0<= k-x <= k --> -k <= -x <= 0 --> 0 <= x =< k.

0<= k(h-y) <= -h(k-x) + kh --> 0 <= kh - ky <= -hk +hx + kh --> 0 <= kh - ky <= +hx --> 0 <= -ky =< +hx - kh --> -hx + kh <= ky =< kh which proves that r(x,y)∈S which proves that S and T are congruent. therefore A(S) = A(T) using the 4th axiom.

Now, as stated earlier: A(S U T) = A(S) + A(T) - A(S ∩ T).

A(S U T) = A(S) + A(T) - A(S ∩ T) => A(S U T) = A(S) + A(T) - 0 => A(S U T) = 2A(S) => hk = 2 A(S) => A(S) = hk/2.
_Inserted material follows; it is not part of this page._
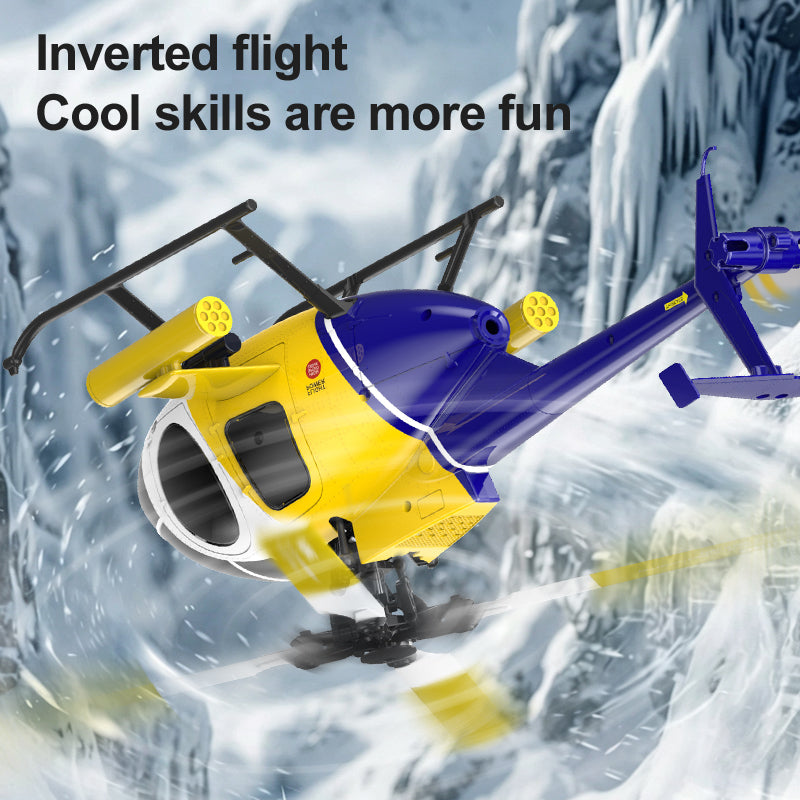 K300 RC helicopter close-up showing rotor, canopy and landing gear details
This proves that the area of a right triangle is one half the product of its base and its height. but to prove that a right triangle is a measurable set seems to be impossible or very hard by my approach so I think Apostol's suggestion works well to prove that a right triangle is a measurable set ( the 2nd axiom proves that a right triangle is a measurable set because It's the intersection of two rectangles and the intersection of two measurable sets is a measurable set).

Now to generalize this result to any arbitrary triangle one just need to split the triangle into two disjoint right triangles and then use the 2nd property.

Well, It seems that the problem has been solved but the way that I've proved it is a hard way of proving this because although It's rigorous but It's very lengthy. I'm here to ask if my proof is right and if yes, does anyone here know a simpler way of proving this using the six axioms given above?